### Task goal:
Quote the lines of the data below verbatim, beginning at the line that contains "Fendi Fendi Cream" and ending at the last line, both included, and excluding pictures.

### Image-text web data:
══════════

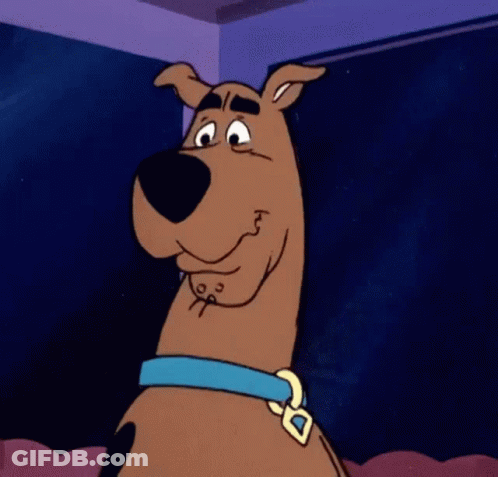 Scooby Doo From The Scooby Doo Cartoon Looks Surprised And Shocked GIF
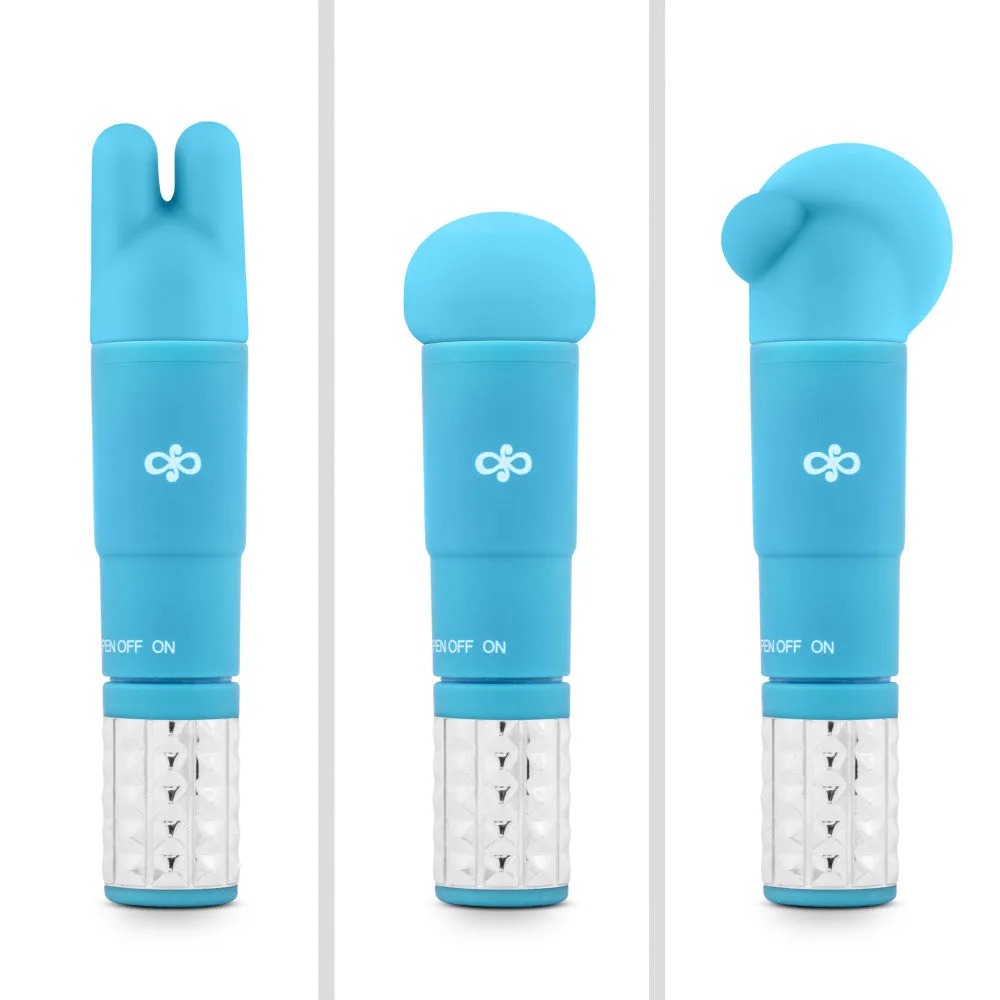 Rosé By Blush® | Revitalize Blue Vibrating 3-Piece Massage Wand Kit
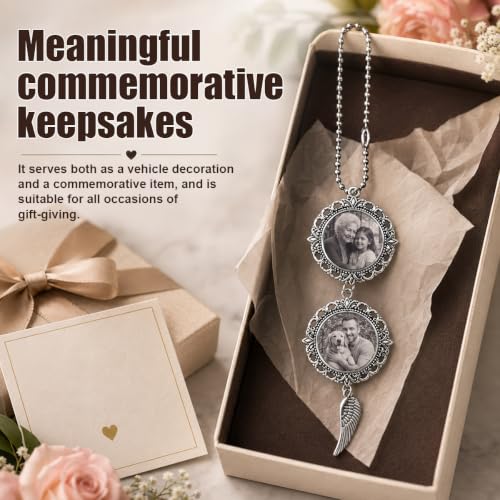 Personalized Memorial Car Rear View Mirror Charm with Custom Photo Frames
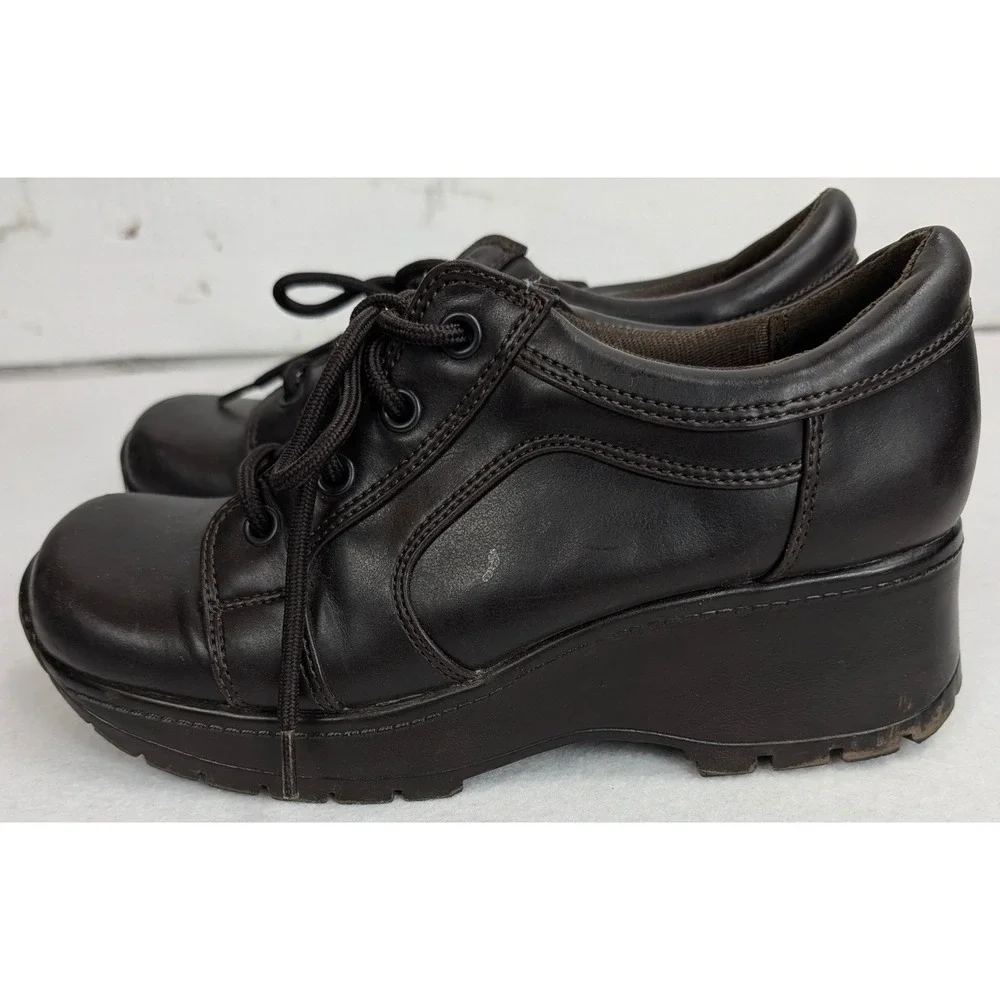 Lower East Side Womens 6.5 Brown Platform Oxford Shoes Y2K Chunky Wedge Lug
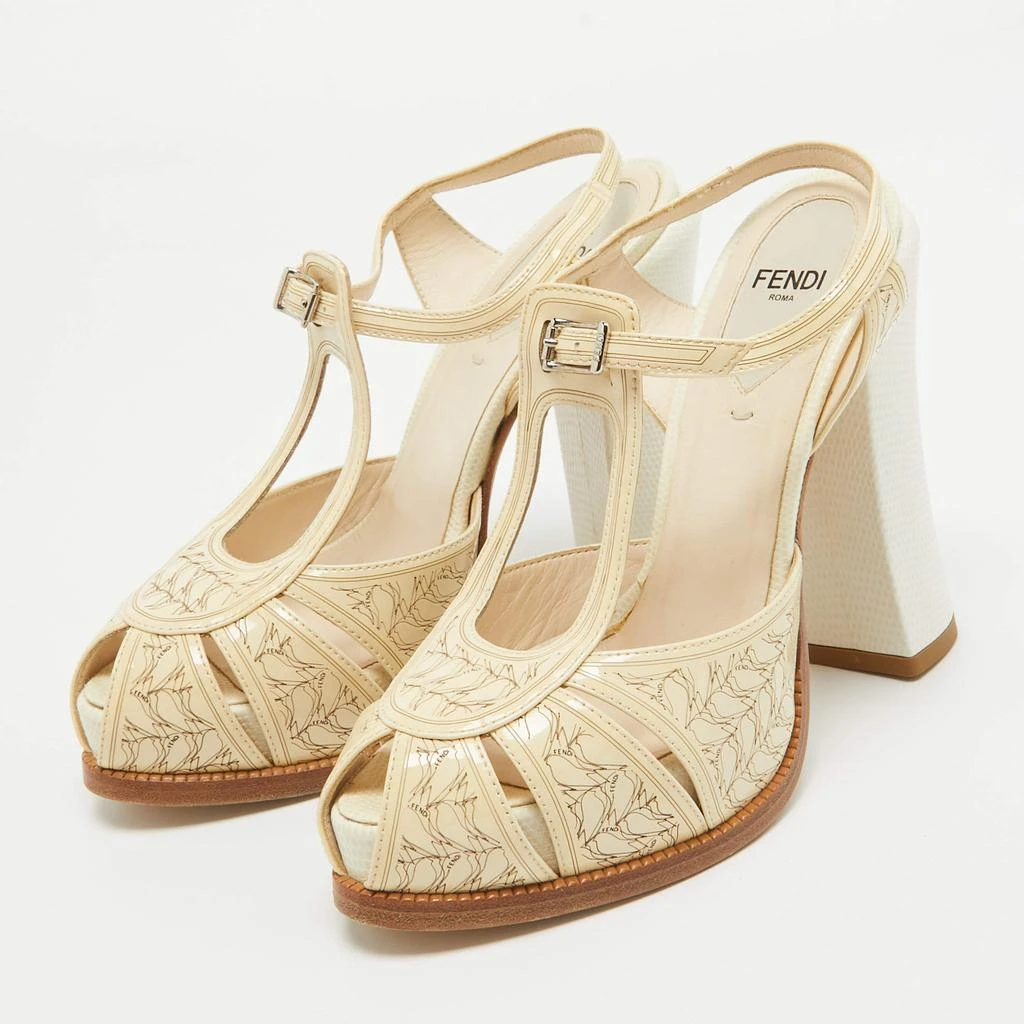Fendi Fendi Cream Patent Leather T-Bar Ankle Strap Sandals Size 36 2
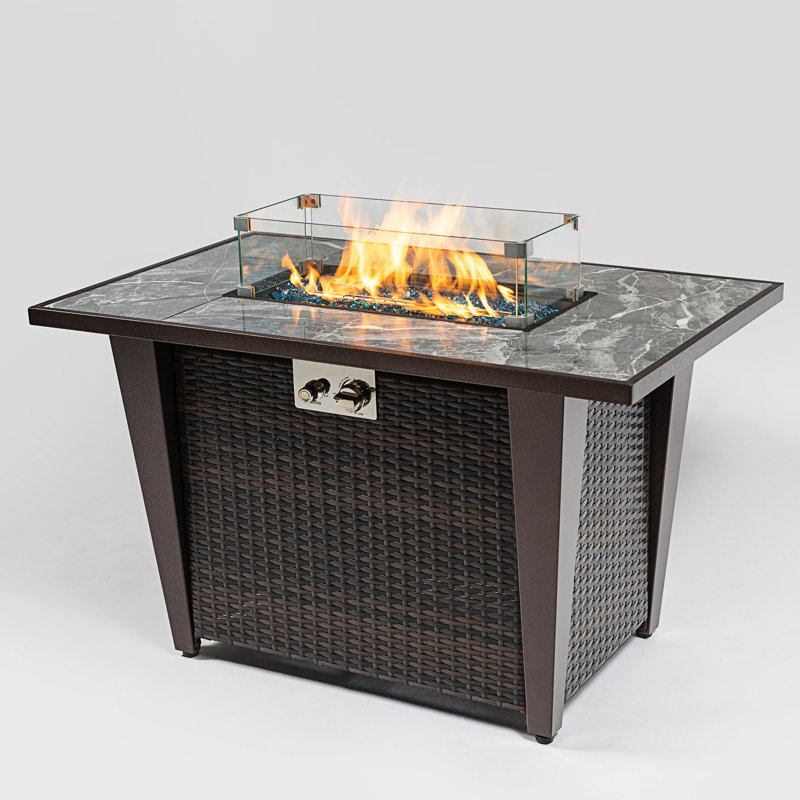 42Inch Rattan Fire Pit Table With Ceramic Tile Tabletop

══════════

### Reply to the task:
Fendi Fendi Cream Patent Leather T-Bar Ankle Strap Sandals Size 36 2
 42Inch Rattan Fire Pit Table With Ceramic Tile Tabletop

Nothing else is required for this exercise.